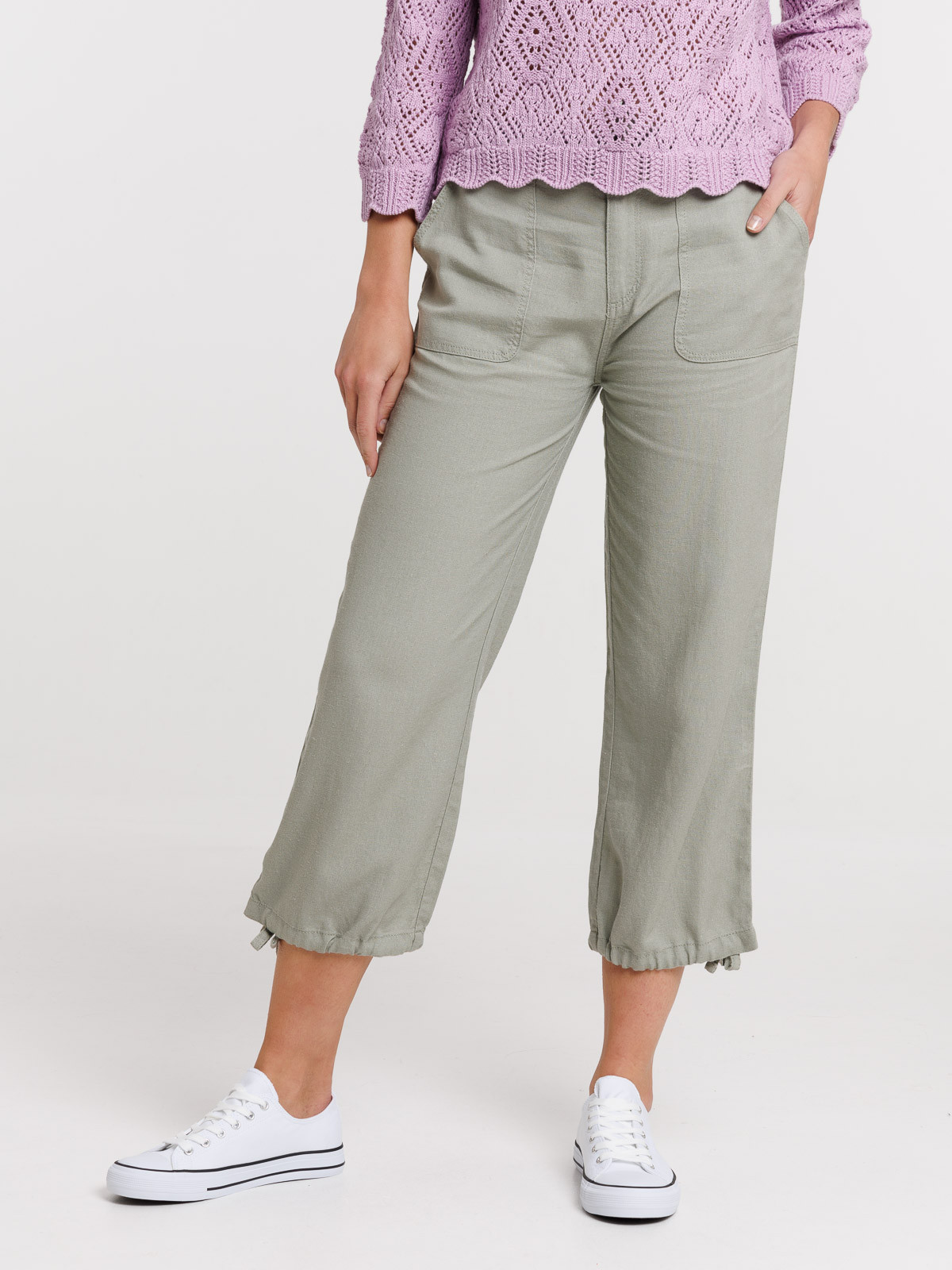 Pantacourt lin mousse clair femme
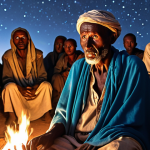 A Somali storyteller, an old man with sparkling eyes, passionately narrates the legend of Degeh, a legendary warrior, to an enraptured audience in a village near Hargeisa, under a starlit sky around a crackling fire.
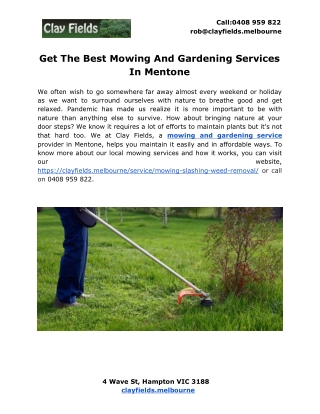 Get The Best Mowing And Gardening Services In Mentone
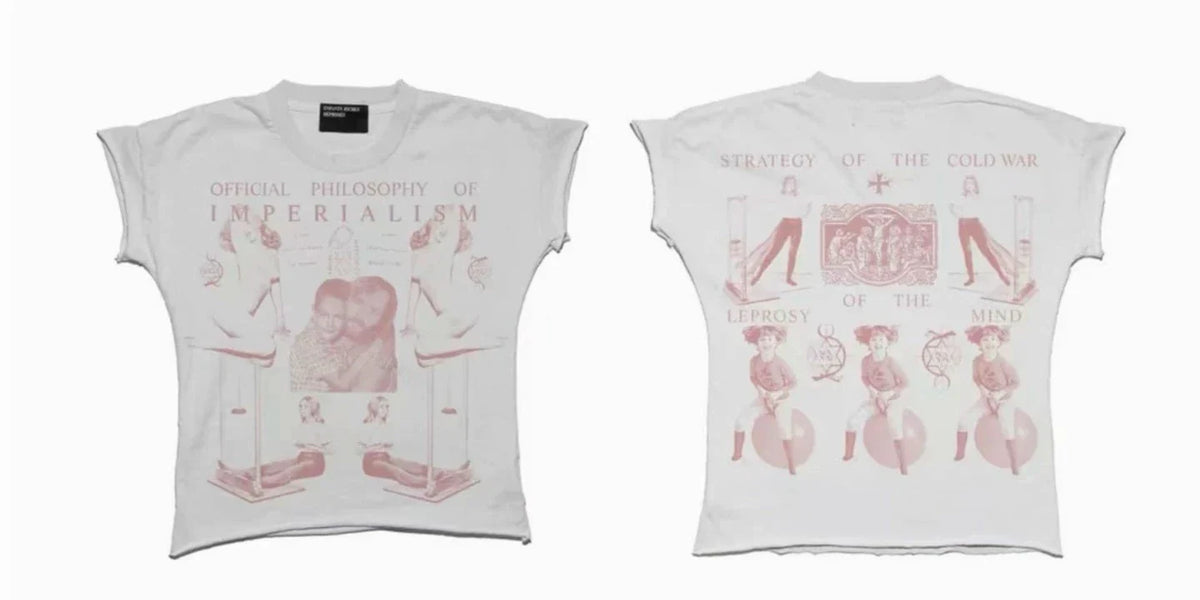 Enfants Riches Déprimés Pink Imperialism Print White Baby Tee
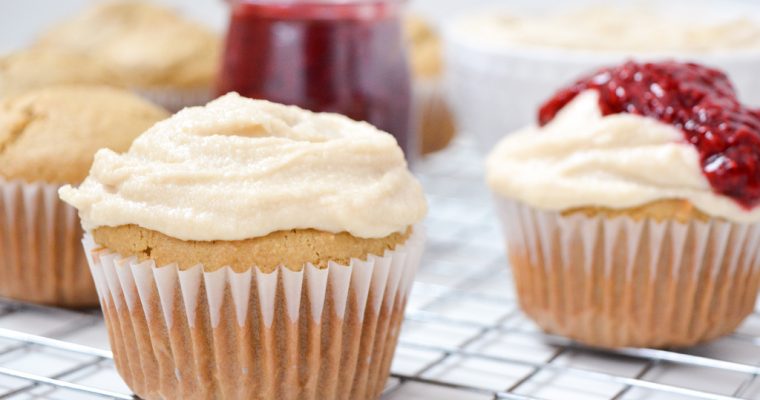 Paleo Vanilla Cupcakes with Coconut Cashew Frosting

* * *

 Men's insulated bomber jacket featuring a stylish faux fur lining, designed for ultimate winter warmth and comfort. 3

...

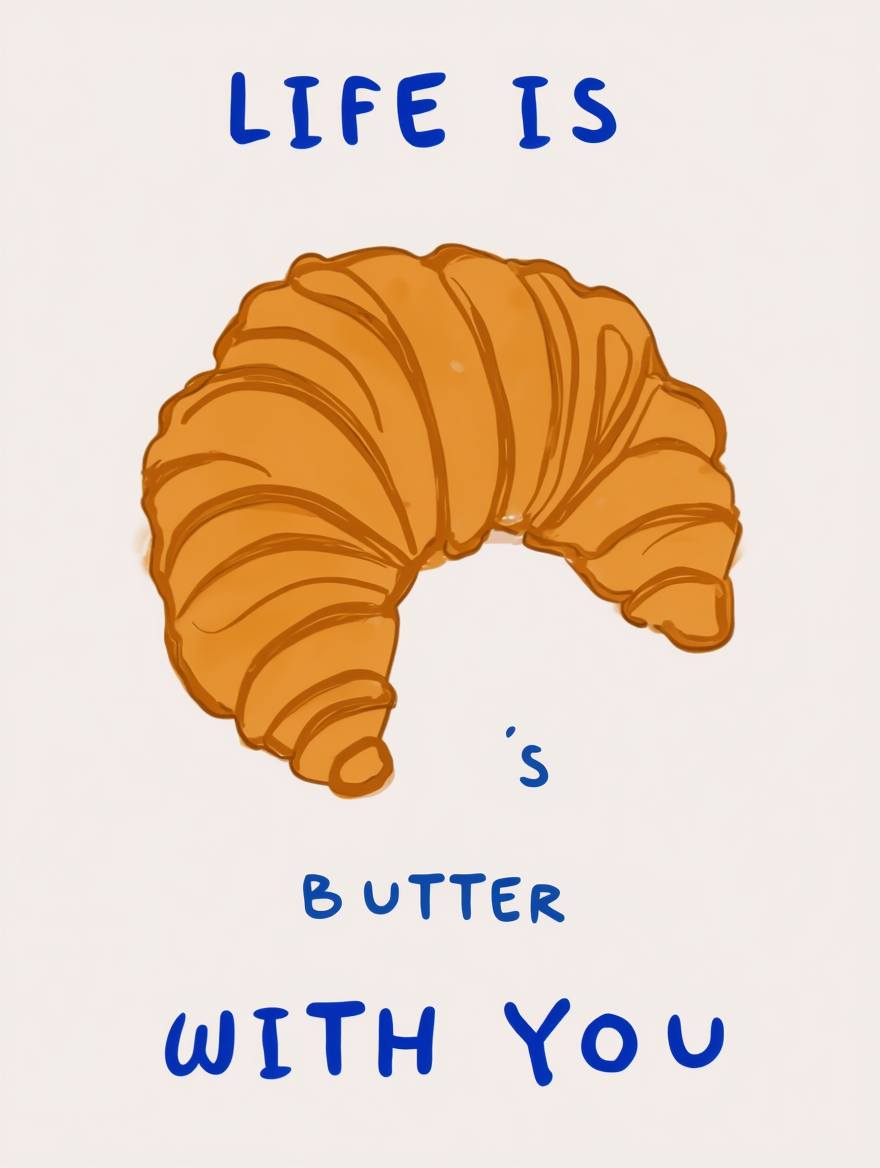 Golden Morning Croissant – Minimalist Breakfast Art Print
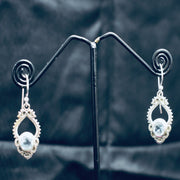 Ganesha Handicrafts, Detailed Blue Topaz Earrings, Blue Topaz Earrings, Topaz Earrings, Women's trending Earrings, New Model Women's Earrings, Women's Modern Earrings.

Instructions to follow: Within the listing above, the lines from the one with "Pantacourt lin mousse clair femme" through the one with "A Somali storyteller, an" are to be given again word for word. Do not include pictures.

Output for this exercise:
 Pantacourt lin mousse clair femme
 A Somali storyteller, an old man with sparkling eyes, passionately narrates the legend of Degeh, a legendary warrior, to an enraptured audience in a village near Hargeisa, under a starlit sky around a crackling fire.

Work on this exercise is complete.